§ DATASET EXCERPTS

*** Block opens ***

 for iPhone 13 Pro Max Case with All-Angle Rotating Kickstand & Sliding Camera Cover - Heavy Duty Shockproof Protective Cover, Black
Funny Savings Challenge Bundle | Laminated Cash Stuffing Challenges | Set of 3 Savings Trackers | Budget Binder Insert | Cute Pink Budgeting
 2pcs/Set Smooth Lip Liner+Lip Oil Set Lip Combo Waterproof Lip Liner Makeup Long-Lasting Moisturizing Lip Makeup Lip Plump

*** Block closes ***
*** Block opens ***

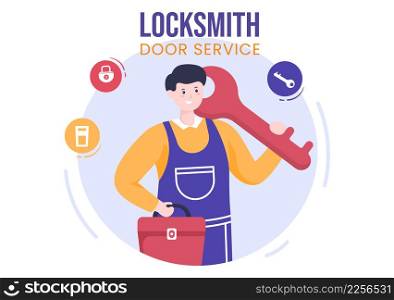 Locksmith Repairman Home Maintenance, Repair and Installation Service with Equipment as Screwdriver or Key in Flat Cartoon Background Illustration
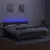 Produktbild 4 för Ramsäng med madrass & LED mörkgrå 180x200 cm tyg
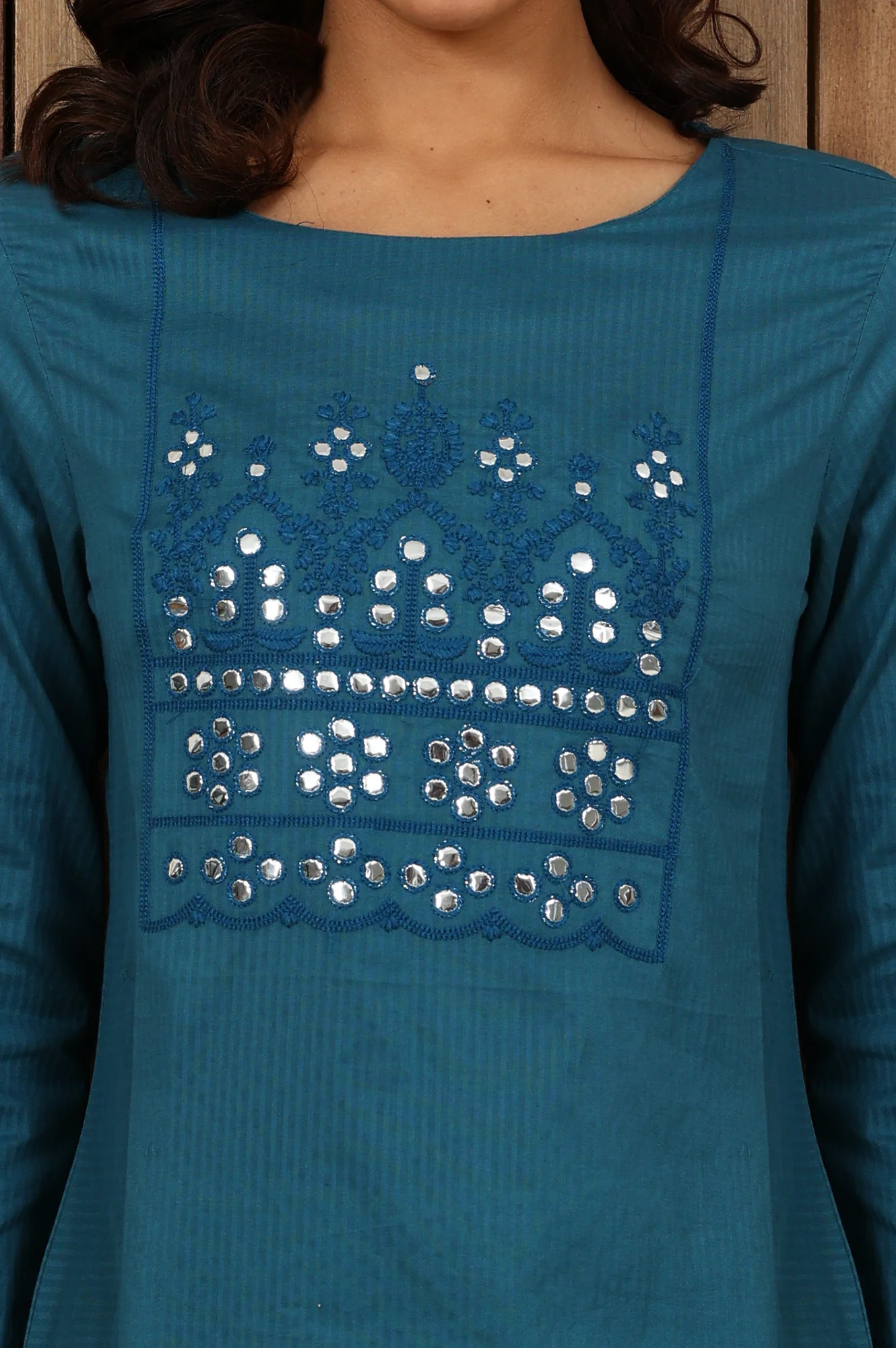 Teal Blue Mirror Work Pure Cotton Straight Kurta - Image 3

*** Block closes ***

§ ACTIVITY
Looking at the entries above, can you reproduce exactly the lines from the one that holds "for iPhone 13" through the one that holds "2pcs/Set Smooth Lip", and only those?

§ RESPONSE
 for iPhone 13 Pro Max Case with All-Angle Rotating Kickstand & Sliding Camera Cover - Heavy Duty Shockproof Protective Cover, Black
Funny Savings Challenge Bundle | Laminated Cash Stuffing Challenges | Set of 3 Savings Trackers | Budget Binder Insert | Cute Pink Budgeting
 2pcs/Set Smooth Lip Liner+Lip Oil Set Lip Combo Waterproof Lip Liner Makeup Long-Lasting Moisturizing Lip Makeup Lip Plump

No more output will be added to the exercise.